#### Task item
When writing out the listing below, reproduce every word exactly and skip the pictures.

--- Data extract Enclosed Below ---

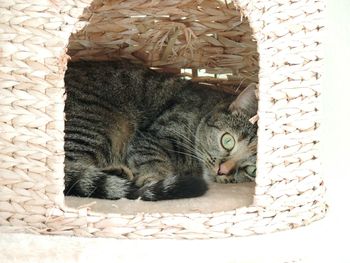 Cat relaxing in basket
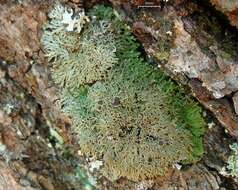 Image of fringed lichen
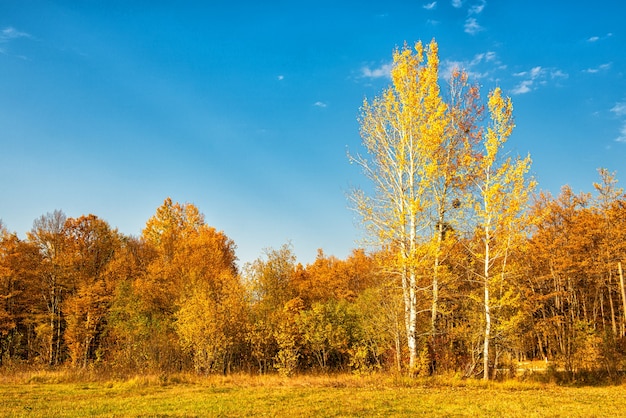 La lisière de la forêt avec des bouleaux en automne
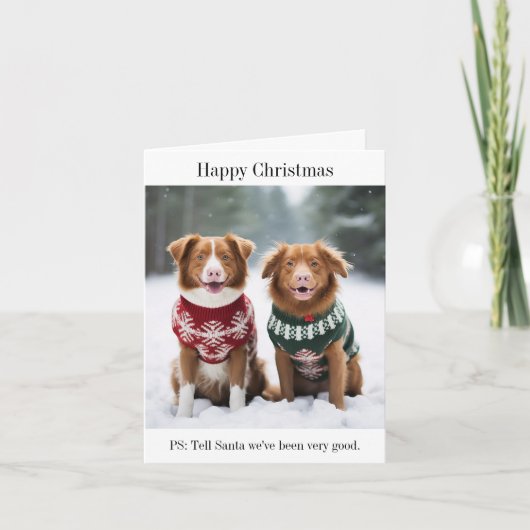 Nova Scotia Ducktolling Retrievers Kerst Kaart (Voorkant)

--- End of Enclosed Data extract ---

#### Exercise result
 Cat relaxing in basket
 Image of fringed lichen
 La lisière de la forêt avec des bouleaux en automne
 Nova Scotia Ducktolling Retrievers Kerst Kaart (Voorkant)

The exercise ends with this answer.